Now lets add a * at the end of the directory path.

In [None]:
complete_list_of_files = glob.glob("../programming-for-analytics-course-material/data/*")
complete_list_of_files

As seen above, a * is a wildcard, and allows for specifying to the `glob()` function, that you are interested in all files under `../programming-for-analytics-course-material/data`

If we are only interested in a particular set of files, then we could also do something like-

In [None]:
files_msft = glob.glob("../programming-for-analytics-course-material/data/msft*.csv")
files_msft

#### or

In [None]:
files_aapl = glob.glob("../programming-for-analytics-course-material/data/aapl*")
files_aapl

#### or

In [None]:
files_2014 = glob.glob("../programming-for-analytics-course-material/data/*14*14*")
files_2014

### 2. Reading Files

Let's say we have a file 'rcs.txt' which contains data in text format like this:

    #freq (MHz)     vv (dB)     hh (dB)
      100          -20.3       -31.2
      200          -22.7       -33.6

We'd like to get the data into a list of lists of floating point numbers in
Python:

    [[100.0, -20.3, -31.2],
     [200.0, -22.7, -33.6]]

We can open the file with the `open` function or the `file` type:

#### `open()`/`file()`
There are two ways to open files

In [None]:
file_in = open('../programming-for-analytics-course-material/data/rcs.txt')

#### or

In [None]:
file_in = file('../programming-for-analytics-course-material/data/rcs.txt')

#### or

In [None]:
file_in = open('../programming-for-analytics-course-material/data/rcs.txt','r')

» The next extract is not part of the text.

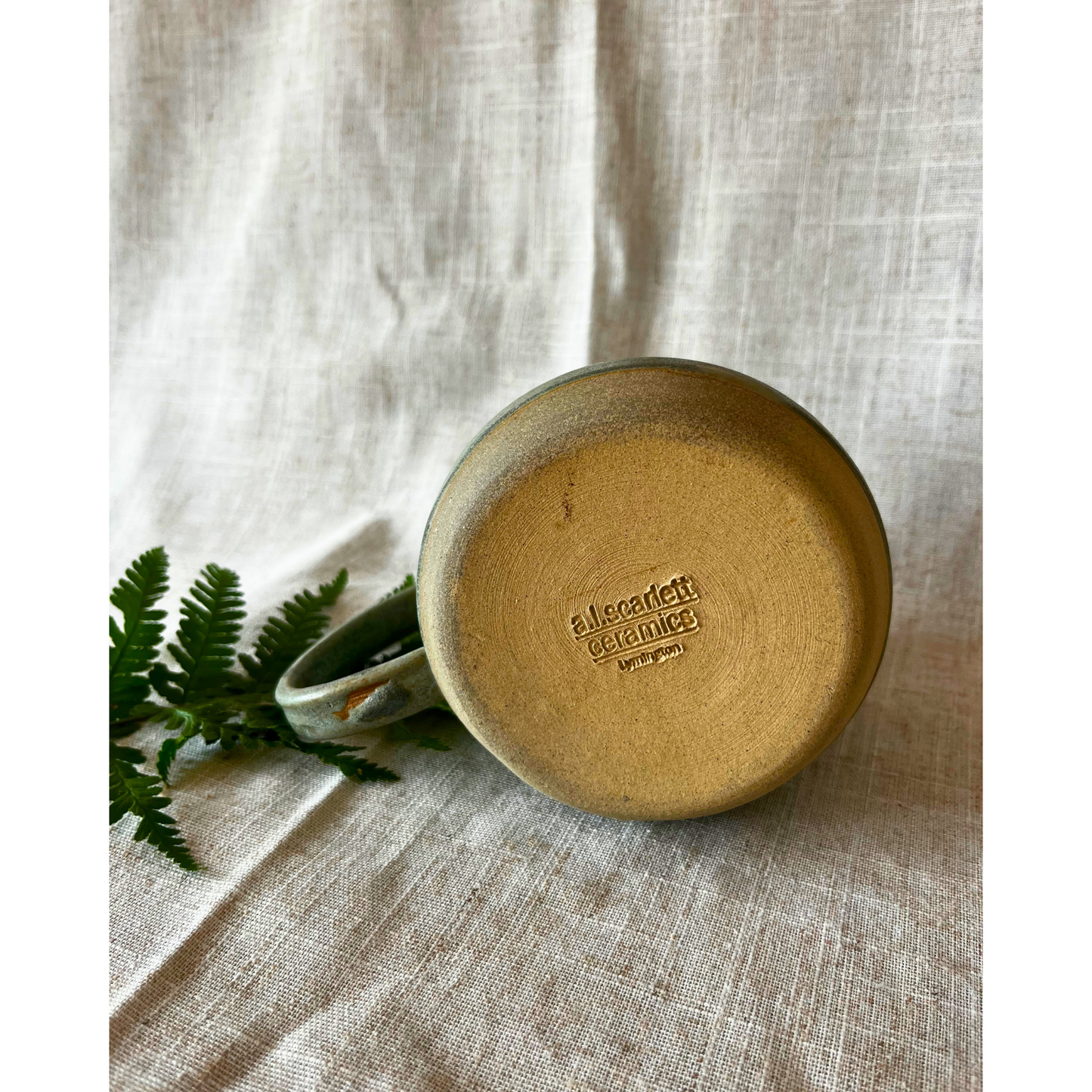 Handmade Forest Moss Ceramic Jug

Here the `'r'` specifies read-only mode

#### `read()`
You can read in the contents as a string using the `read()` method of the file object

In [None]:
text = file_in.read()

In [None]:
print text

In [None]:
type(text)

#### `readline()/readlines()`
These functions allow you to read either a single line `readline()` or all lines as a list of lines `readlines()`
<br>Lets open the file again

In [None]:
file_in = open('../programming-for-analytics-course-material/data/rcs.txt','r')

In [None]:
file_in.readline()

Call `readline()` again

In [None]:
file_in.readline()

One more time-

In [None]:
file_in.readline()

And now the last time!

In [None]:
file_in.readline()

So from the above you note that `readline()` just went through each line in the file, however it did not go back to the start of the file once all lines were iterated over.
<br><br> We also had to call the `readline()` function multiple times, which would mean any application requiring all lines to be read from a file, would need the programmer to write a `for` loop to get all lines. 
<br>A solution to this problem is using `readlines()`

In [None]:
file_in = open('../programming-for-analytics-course-material/data/rcs.txt','r')

In [None]:
file_in.readlines()

In [None]:
file_in.readlines()

From the above we see that `readlines()` returns a list of lines, where each line in the file is an item in the list. 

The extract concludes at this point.